Pure Pursuit#

Pure Pursuit is a path-tracking algorithm that calculates the curvature required to move a robot from its current position to a specific “lookahead” point on a predefined path. By constantly moving the lookahead point forward as the robot progresses, the algorithm creates a smooth, continuous steering command.

Kompass implementation builds upon the base algorithm (as described by Purdue SIGBOTS) and adds an integrated Simple Search Collision Avoidance layer. This allows the robot to deviate slightly from the nominal path or stop if an obstacle is detected within its predicted future trajectory.


Algorithm Overview#

  1. Find Lookahead: Locates the point on the path that is a distance \(L\) (Lookahead Distance) away from the robot.

  2. Calculate Curvature: Computes the arc required to reach that point using the robot’s kinematics.

  3. Collision Check: Projects the robot’s motion forward using the prediction_horizon.

  4. Avoidance Search: If a collision is imminent, the controller evaluates max_search_candidates to find a safe velocity offset that clears the obstacle.

Supported Sensory Inputs#

  • Without any sensor input (pure following)

  • LaserScan

  • PointCloud

  • Occupancy Maps


Parameters and Default Values#

Name

Type

Default

Description

lookahead_gain_forward

float

0.8

Factor to scale lookahead distance by current velocity (\(L = k \cdot v\)).

prediction_horizon

int

10

Number of future steps used to check for potential collisions along the path.

path_search_step

float

0.2

Offset step used to search for alternative velocity commands when the nominal path is blocked.

max_search_candidates

int

10

Maximum number of search iterations to find a collision-free command.

Usage Example:#

Pure Pursuit controller can be used in the Controller component by setting ‘algorithm’ property or component config parameter. The Controller will configure Pure Pursuit algorithm using the default values of all the previous configuration parameters. The specific algorithms parameters can be configured using a config file or the algorithm’s configuration class.

pure_pursuit.py#
from kompass.components import Controller, ControllerConfig
from kompass.robot import (
    AngularCtrlLimits,
    LinearCtrlLimits,
    RobotCtrlLimits,
    RobotGeometry,
    RobotType,
    RobotConfig
)
from kompass.control import ControllersID, PurePursuitConfig

# Setup your robot configuration
my_robot = RobotConfig(
    model_type=RobotType.OMNI,
    geometry_type=RobotGeometry.Type.BOX,
    geometry_params=np.array([0.3, 0.3, 0.3]),
    ctrl_vx_limits=LinearCtrlLimits(max_vel=0.2, max_acc=1.5, max_decel=2.5),
    ctrl_omega_limits=AngularCtrlLimits(
        max_vel=0.4, max_acc=2.0, max_decel=2.0, max_steer=np.pi / 3)
)

# Initialize the controller
controller = Controller(component_name="my_controller")

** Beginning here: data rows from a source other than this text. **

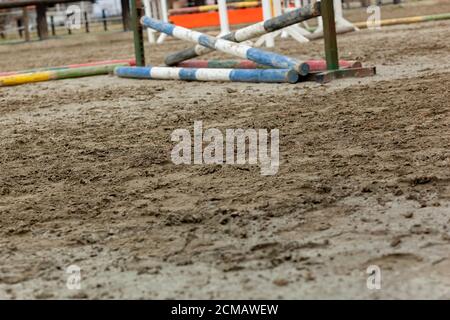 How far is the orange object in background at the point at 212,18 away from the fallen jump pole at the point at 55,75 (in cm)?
925

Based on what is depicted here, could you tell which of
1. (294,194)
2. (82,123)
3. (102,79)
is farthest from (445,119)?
(102,79)

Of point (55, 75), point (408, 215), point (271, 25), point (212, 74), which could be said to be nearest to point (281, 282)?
point (408, 215)

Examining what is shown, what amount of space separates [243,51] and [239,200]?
3703mm

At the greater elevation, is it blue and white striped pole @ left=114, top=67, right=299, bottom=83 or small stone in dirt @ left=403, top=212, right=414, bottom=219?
blue and white striped pole @ left=114, top=67, right=299, bottom=83


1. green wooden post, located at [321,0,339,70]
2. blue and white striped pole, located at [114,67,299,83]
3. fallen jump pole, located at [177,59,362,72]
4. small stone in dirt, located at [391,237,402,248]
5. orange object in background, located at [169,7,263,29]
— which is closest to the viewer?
small stone in dirt, located at [391,237,402,248]

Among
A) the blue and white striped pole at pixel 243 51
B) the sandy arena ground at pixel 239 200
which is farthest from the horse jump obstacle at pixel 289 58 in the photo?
the sandy arena ground at pixel 239 200

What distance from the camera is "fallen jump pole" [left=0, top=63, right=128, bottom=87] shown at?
7.75 m

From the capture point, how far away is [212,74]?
6621 mm

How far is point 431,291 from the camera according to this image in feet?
6.08

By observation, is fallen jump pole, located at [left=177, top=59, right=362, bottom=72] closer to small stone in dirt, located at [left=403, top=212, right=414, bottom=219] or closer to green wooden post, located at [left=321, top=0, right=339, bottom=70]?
green wooden post, located at [left=321, top=0, right=339, bottom=70]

# Set the all algorithms desired configuration
pure_pursuit_config = PurePursuitConfig(
        lookahead_gain_forward=0.5, prediction_horizon=8, max_search_candidates=20
    )

controller.algorithms_config = pure_pursuit_config

# NOTE: We can configure more than one algorithm to switch during runtime
# other_algorithm_config = ....
# controller.algorithms_config = [pure_pursuit_config, other_algorithm_config]

# Set the algorithm to Pure Pursuit
controller.algorithm = ControllersID.PURE_PURSUIT

Testing and Results#

The following figures show the results of testing the Pure Pursuit implementation across the three primary motion models. The tests evaluate the controller’s ability to track a reference path while handling unexpected obstacles along the path.

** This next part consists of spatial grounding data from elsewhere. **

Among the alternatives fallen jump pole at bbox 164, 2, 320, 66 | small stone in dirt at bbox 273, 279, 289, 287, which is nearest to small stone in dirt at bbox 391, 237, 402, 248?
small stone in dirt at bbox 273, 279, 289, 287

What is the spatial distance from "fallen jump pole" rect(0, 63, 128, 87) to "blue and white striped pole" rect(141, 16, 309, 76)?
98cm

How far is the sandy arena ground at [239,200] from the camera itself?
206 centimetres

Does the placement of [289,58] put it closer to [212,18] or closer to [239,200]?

The results visualize the resulting trajectory of the robot (wide light blue) against the reference path (thin dark blue) in the XY plane. Obstacles are marked with red x.

Tracking a Reference Path#

These tests demonstrate the nominal tracking performance on standard geometric paths (U-Turns and Circles) without environmental interference.

Ackermann (U-Turn)

Differential (Circle)

Omni (Circle)

Ackermann U-Turn

Differential Circle

Omni Circle

Figure 1: Nominal tracking results across different kinematic models.


Tracking with Collision Avoidance#

In these scenarios, a set of static obstacles were placed directly on the global path. The controller utilizes the prediction_horizon to detect these obstacles and searches for a safe velocity command that deviates from the reference path.

Ackermann (Straight + Obstacles)

Differential (U-Turn + Obstacles)

Omni (Straight + Obstacles)

Ackermann Obstacles

Differential Obstacles

Omni Obstacles

Figure 2: Collision avoidance results showing local deviation to clear obstacles.

Observations#

  • Convergence: All models show smooth convergence to the reference path.

  • Obstacle Clearance: The simple search algorithm successfully identifies clear paths around obstacles. The robot returns to the reference path after clearing the obstacle boundary.

  • Stability: The integration of the collision checker does not introduce oscillations in the steering command.